Pervasive BI results when organizational culture, business processes and technologies are designed and implemented with the goal of improving the strategic and operational decision-making capabilities of a wide range of internal and external stakeholders. Pervasive BI means more than just putting BI tools into the hands of more users. Although the degree of internal use is important, so is the degree of external use. Internally, more pervasively available BI solutions lead to greater accountability by all employees and greater consistency in performance management. Externally, relationships with suppliers and partners can be strengthened through effective sharing of key performance indicators (KPIs).

Further, internal use of BI solutions is usually segmented among information producers and information consumers. Although that distinction is beginning to blur, the percentage of users in the former group, also known as power users, is another key indicator of pervasiveness of BI. IDC has identified a total of six quantifiable indicators of pervasive BI, which we’ll be discussing in greater detail in upcoming reports and articles.

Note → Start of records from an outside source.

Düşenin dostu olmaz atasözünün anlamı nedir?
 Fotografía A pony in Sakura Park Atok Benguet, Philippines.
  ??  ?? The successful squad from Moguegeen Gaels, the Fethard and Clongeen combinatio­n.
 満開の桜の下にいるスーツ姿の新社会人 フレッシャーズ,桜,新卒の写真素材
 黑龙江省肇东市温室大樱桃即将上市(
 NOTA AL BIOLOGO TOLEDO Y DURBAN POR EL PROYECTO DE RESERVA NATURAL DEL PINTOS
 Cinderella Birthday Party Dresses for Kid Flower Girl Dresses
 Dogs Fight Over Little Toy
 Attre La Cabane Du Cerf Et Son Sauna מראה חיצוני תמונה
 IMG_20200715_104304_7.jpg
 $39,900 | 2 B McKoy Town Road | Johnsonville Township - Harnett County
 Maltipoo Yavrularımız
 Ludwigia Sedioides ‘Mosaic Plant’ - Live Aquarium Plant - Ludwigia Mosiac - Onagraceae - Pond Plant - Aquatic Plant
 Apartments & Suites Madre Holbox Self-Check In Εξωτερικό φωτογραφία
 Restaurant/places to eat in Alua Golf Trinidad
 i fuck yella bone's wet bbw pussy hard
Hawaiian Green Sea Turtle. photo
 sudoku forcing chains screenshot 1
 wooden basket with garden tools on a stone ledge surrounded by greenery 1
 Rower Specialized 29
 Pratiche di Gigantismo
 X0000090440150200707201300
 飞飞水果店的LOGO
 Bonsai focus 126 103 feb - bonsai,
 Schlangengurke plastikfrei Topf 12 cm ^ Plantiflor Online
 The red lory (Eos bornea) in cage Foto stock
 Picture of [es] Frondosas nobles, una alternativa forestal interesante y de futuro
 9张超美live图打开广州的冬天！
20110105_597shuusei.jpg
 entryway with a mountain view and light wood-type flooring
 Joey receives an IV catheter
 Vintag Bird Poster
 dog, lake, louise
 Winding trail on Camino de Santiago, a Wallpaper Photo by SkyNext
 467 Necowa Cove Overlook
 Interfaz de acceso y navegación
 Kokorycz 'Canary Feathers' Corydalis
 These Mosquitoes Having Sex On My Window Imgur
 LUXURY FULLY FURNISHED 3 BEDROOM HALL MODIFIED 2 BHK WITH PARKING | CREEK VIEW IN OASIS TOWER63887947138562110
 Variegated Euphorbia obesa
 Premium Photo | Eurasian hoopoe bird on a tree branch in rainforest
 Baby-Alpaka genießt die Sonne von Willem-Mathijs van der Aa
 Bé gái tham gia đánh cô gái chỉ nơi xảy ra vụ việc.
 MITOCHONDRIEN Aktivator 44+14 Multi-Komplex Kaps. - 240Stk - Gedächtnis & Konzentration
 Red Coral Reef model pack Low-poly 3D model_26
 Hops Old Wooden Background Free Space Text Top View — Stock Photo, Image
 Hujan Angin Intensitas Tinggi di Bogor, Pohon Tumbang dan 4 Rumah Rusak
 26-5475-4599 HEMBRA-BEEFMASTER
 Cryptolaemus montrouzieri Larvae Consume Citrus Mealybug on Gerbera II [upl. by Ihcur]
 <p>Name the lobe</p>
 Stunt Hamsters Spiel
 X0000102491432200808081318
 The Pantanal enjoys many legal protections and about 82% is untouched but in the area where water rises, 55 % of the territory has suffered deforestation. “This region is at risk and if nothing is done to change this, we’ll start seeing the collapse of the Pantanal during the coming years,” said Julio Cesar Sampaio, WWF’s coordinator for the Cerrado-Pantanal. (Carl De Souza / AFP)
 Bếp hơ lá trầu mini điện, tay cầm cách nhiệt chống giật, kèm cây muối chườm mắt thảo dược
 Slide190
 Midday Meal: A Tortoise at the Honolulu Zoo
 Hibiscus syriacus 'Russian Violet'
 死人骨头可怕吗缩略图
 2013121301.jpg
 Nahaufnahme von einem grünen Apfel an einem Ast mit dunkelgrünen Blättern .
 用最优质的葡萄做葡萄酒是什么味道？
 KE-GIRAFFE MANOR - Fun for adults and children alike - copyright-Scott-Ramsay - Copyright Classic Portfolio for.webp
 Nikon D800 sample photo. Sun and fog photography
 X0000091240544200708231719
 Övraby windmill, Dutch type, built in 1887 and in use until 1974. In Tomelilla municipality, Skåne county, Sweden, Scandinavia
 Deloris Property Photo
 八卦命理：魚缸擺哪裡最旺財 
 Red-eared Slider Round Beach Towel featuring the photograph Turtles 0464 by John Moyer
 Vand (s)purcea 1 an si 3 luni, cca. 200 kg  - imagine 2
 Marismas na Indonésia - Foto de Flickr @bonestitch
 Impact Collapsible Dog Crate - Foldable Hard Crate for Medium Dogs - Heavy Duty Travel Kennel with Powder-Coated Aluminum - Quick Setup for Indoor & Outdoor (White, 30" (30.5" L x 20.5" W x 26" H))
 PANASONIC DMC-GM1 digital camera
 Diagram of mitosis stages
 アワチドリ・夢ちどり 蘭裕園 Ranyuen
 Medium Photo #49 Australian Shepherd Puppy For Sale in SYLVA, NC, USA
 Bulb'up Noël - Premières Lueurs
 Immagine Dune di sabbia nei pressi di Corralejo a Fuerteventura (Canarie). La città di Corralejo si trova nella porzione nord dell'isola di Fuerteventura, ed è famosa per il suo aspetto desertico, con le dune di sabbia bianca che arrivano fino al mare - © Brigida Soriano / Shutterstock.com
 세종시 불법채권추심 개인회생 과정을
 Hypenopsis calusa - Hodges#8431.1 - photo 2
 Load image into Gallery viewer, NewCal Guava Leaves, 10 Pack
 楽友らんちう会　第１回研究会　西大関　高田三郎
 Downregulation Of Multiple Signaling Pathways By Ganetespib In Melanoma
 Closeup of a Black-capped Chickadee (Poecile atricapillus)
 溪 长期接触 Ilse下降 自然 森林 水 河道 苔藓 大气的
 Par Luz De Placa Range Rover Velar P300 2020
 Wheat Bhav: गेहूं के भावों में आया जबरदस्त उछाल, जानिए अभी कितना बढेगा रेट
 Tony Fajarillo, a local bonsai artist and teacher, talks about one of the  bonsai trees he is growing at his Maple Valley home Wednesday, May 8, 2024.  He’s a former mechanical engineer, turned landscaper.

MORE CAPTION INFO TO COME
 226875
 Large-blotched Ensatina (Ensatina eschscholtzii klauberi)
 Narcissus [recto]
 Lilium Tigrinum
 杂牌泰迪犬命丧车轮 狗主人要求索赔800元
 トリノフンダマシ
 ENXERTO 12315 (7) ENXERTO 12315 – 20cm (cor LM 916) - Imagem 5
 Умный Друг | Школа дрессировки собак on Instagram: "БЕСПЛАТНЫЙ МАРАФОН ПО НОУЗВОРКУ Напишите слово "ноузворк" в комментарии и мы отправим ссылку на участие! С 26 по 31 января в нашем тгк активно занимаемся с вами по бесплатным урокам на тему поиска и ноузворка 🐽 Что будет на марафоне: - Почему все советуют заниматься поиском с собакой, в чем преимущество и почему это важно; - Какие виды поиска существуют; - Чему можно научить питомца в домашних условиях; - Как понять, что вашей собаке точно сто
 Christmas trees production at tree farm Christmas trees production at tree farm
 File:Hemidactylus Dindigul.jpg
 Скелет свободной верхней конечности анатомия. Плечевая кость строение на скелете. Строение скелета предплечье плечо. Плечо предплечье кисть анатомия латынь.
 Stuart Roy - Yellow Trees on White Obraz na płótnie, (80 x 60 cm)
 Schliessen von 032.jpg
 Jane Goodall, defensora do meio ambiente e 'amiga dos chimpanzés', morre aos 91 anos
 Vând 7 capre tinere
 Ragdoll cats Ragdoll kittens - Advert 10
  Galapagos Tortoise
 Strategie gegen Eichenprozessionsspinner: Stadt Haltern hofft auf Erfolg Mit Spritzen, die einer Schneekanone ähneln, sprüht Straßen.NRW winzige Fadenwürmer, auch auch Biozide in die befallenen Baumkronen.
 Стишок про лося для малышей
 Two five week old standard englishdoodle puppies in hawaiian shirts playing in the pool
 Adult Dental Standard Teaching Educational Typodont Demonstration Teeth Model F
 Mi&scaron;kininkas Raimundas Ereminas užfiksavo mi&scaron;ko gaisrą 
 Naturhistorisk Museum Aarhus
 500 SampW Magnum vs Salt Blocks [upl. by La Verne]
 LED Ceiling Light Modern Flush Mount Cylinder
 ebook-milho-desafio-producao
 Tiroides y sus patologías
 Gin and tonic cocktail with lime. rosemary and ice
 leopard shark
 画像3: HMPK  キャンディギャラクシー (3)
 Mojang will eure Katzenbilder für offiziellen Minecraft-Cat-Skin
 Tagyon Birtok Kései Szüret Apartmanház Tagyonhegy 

Organizations embarking on or continuing their path toward pervasive BI need to decide how to allocate their scarce human, capital and IT resources to tasks and projects that have the biggest impact on increasing the diffusion of BI throughout their organizations and to external stakeholders. IDC has identified five key factors as having the strongest influence on BI pervasiveness. Those factors include:

  • Degree of training is a factor that consists of the satisfaction level with training on the meaning of data, the use of BI tools and the use of analytics to improve decision making.
  • Design quality refers to the extent to which users’ expectations about the speed of adding various BI solution components by the IT group are met.
  • Prominence of governance refers to the existence of and the importance of a data governance group and associated data governance policies to BI system design or enhancement initiatives.
  • Non-executive involvement consists of the level of non-executive management’s involvement in promoting and encouraging the design and use of the BI solution at the organization.
  • Prominence of performance management methodology is based on the existence of and the level of importance within the organization of a formal performance management methodology.

Those factors need to be addressed by a combination of technology deployment, decision process changes and changes to organizational behavior. From a technology perspective, organizations must consider an increasingly broad spectrum of tools and applications that support or automate decision making processes.